As Adorno writes in Education After Auschwitz, “The premier demand upon all education is that Auschwitz not happen again”. “One speaks of the threat of a relapse into barbarism. But it is not a threat—Auschwitz was this relapse, and barbarism continues as long as the fundamental conditions that favored that relapse continue largely unchanged. That is the whole horror. The societal pressure still bears down, although the danger remains invisible nowadays.” The Shoah was a singular genocide, yes, but only in the sense that they are all singular. Each genocide, each act of barbarity refers to the other as the single calamity known as history—that is the whole horror. 


Towards the middle of Zone of Interest, Höss’s youngest son listens by the window as his father commands the camp guards to drown a man in the river for the crime of fighting over an apple. Off-screen, the man screams as they drag him away. The son whispers don’t do that again” and returns to playing with his dice. The dice bookend the scene, and it appears at first as if he is trying to teach himself how to roll whichever number he chooses. But he cannot rig the game: it is pure chance that he is where he is, and not drowning in the river.

I want to end, like the film itself, in the present. I attended a Jewish Day School (not so much religious as uncompromisingly devoted to Zionism) from kindergarten until 12th grade. Our senior year, like every graduating class, culminated with a three-month long trip to Israel.
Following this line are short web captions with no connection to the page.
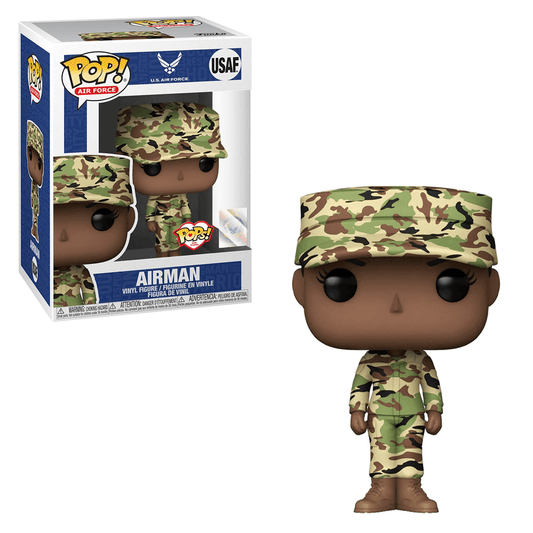 Pop Vinyl Air Force Female 2 | Camouflage | Toylandeu™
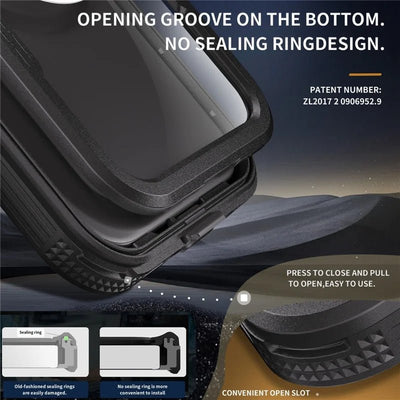 Waterproof iPhone 16 Pro Black 11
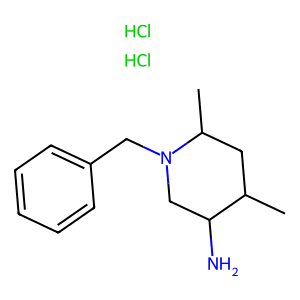 1-Benzyl-4,6-dimethylpiperidin-3-amine dihydrochloride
Before that, however, we were taken to Poland and Czechia to see the concentration camps; our arrival in Israel cast in the light of the Holocaust, a recapitulation of the Zionist mythos. While visiting the Majdanek concentration camp I, at that time a still fervent Zionist, had a strange revelation which I still cannot explain. While standing in the gas chamber—the walls covered in scratch marks and the hauntingly soft blue stains left behind by so many administrations of Zyklon B—it occurred to me: there was nothing ontologically evil about the perpetrators, nothing ontologically righteous or defeated about the victims; their fates were contingent on history. If this, even this, was contingent, then there must be something about the structure of the world that made it so.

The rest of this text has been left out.